For middle managers, it is key not only to deeply understand the company’s business strategy but also to have a clear way to communicate and share it with their peers. In other words, they are responsible to translate key objectives into a detailed plan for reporting working groups. As said by Fayol’s 14 in his principles of management (Emerald Works Limited, 2018) for these managers is key to demonstrate unity of command and unity of direction. Misunderstanding and misinterpretation cause delays and costs increase because the work done is not what the business needs. Their position in between senior managers and operational roles requires them to be facilitators and negotiators for the teams they are accountable for. Setting a team’s goal and objective is important because it allows teams to organise their activities. In a reality like Umbrella, where most of the jobs require creativity and innovation, a middle manager has to avoid, as much as possible, to push and tell peers what to do. Over-monitoring and over-management suffocate creativity and growth. If this happens productivity suffers as well. Team members are unhappy at first, but they may end up leaving the organisation, reducing productivity and increasing cost to hire and train new employees. Managers have to delegate and capitalise on their employees’ unique strengths. The aim is to create self-organised teams where individuals can express their best talent and overcome weaknesses.
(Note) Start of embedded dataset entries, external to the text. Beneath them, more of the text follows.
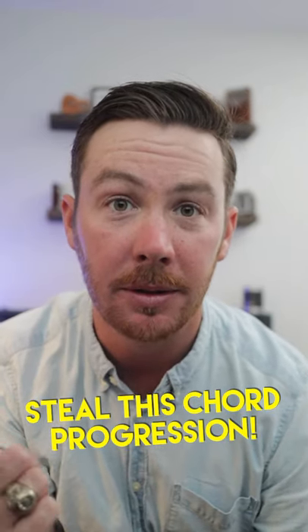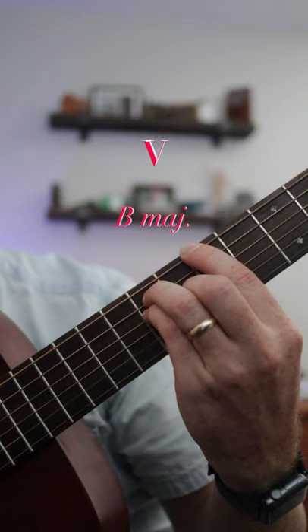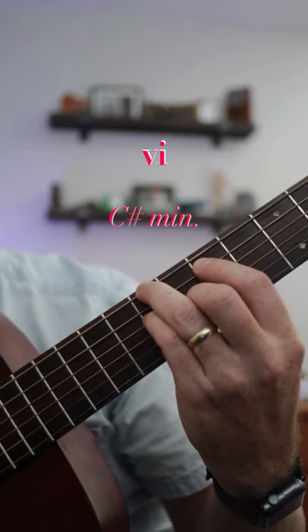Hey songwriters, here's another chord progression for you to use. Enjoy! These are fancy versions, but the main roots of the chords are B, C sharp minor, and E.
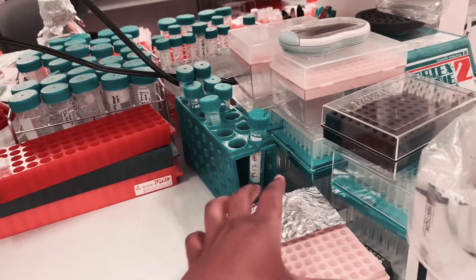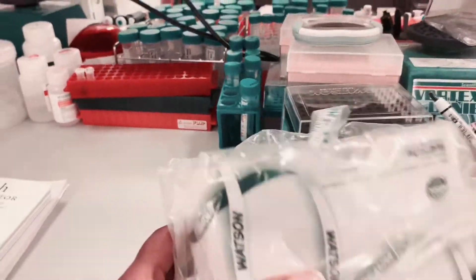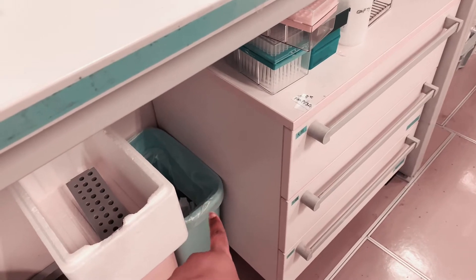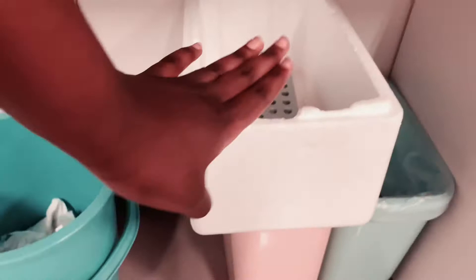I'm supposed to throw these tags away but sometimes I just keep them as a memory. This one was for my PCR last time, which went well. And this is my bin — I have another one in here: that one is for papers and that one is for biohazard stuff. And I've got my aspirating tube thingy with this wrap.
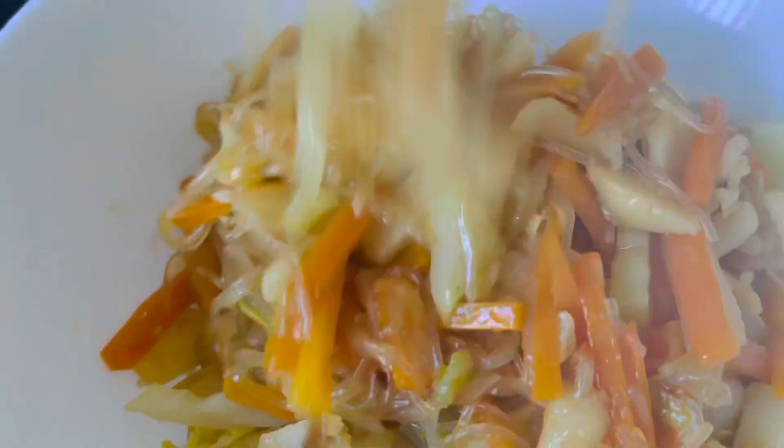Then put everything into a clean bowl and let it cool for around two to three hours before you wrap it.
Self-organised working groups are a world in miniature where a good balance is necessary. Middle managers are responsible for the selection of the right people when a new team has to be set up or an existing one requires new additions. Gaming industry is a competitive market, and it is very unlikely that middle managers, on their own only, can succeed in attracting the right talents and keeping them in the company as much as they can. When human resources (HR) department and middle managers do not work together recruiters do not contact the best candidates, the selection process is a long and partially successful process. The result is that the best talents on the market do not join the organisation, most likely the competition. HR here plays a key role by implementing a long-term company’s HR planning, that through a consistent recruitment process, fulfils the company’s expansion programs needed and addresses the growing manpower need.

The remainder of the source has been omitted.